Create a secure serverless streaming pipeline with Amazon MSK Serverless and Amazon EMR

The world is filled with an abundance of streaming data, and organizations everywhere are tapping into its power to drive their businesses forward. Real-time analytics are key to unlocking valuable insights from this data, which comes from various sources like social media, IoT sensors, and user interactions. By utilizing streaming data, companies can make informed decisions, stay ahead of trends, and outpace the competition.

Many streaming applications rely on Apache Kafka for data ingestion and Apache Spark Structured Streaming for processing. However, connecting and securing these components can be quite complex, requiring specialized skills and knowledge. That’s where a managed, serverless framework can make a big difference, simplifying the setup process and making it easier to integrate these critical elements seamlessly.

Amazon Managed Streaming for Apache Kafka (Amazon MSK) is a powerful tool that simplifies data ingestion and processing, taking the hassle out of managing clusters and scaling operations. With Amazon MSK Serverless, you get the added benefit of AWS Identity and Access Management (IAM) integration for enhanced security. This means you no longer have to deal with the complexities of certificate and key management—everything is streamlined and protected using IAM authentication through AWS Certificate Manager. When a client interacts with the cluster, MSK Serverless verifies the client’s identity and permissions using IAM, ensuring secure data transmission.

In order to process data efficiently, Amazon EMR Serverless, coupled with a Spark application built on the Spark Structured Streaming framework, is a great solution for near real-time data processing. This setup seamlessly handles large data volumes from MSK Serverless, employing IAM authentication for swift and secure data processing.

This post outlines a comprehensive end-to-end solution for processing data from MSK Serverless, using an EMR Serverless Spark Streaming job, all secured with IAM authentication. Moreover, it illustrates how to query the processed data using Amazon Athena, offering a seamless workflow for data processing and analysis. This setup allows for near real-time querying of the most up-to-date data from MSK Serverless and EMR Serverless through Athena, enabling instant insights and analytics.

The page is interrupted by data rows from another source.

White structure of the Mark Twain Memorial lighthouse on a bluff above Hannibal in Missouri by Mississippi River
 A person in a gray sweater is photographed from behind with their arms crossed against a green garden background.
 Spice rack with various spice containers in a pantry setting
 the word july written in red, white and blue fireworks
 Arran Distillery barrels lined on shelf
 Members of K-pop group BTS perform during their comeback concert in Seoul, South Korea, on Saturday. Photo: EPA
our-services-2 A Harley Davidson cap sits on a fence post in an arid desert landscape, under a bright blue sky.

To get started, you’ll need an AWS account with billing enabled, along with an IAM user with appropriate permissions to create and manage resources like VPCs, subnets, security groups, IAM roles, EC2 instances, MSK Serverless, EMR Serverless, and S3 buckets. Although using an IAM user with administrator access will work for this tutorial, it’s always a good practice to follow the principle of least privilege by creating custom IAM policies tailored to specific needs.

In this tutorial, we’ll create the necessary resources in the us-east-2 Region using AWS CloudFormation templates. The detailed steps on configuring your resources and implementing the solution are provided in the following sections.

The process begins with setting up an MSK Serverless cluster with IAM authentication, followed by running a Python script producer.py on an Amazon EC2 instance to produce sample data for a Kafka topic within the cluster. A Spark Streaming job consumes this data from the Kafka topic, storing it in Amazon S3 and creating a corresponding table in the AWS Glue Data Catalog. The job continuously processes incoming data, staying current with the latest streaming data and enabling seamless processing with checkpointing in case of failures.

For data analysis, users can leverage Athena, a serverless query service that allows for interactive SQL-based exploration of data directly in Amazon S3 without the need for complex infrastructure management. This powerful architecture and workflow open up a world of possibilities for efficient and secure data processing and analysis.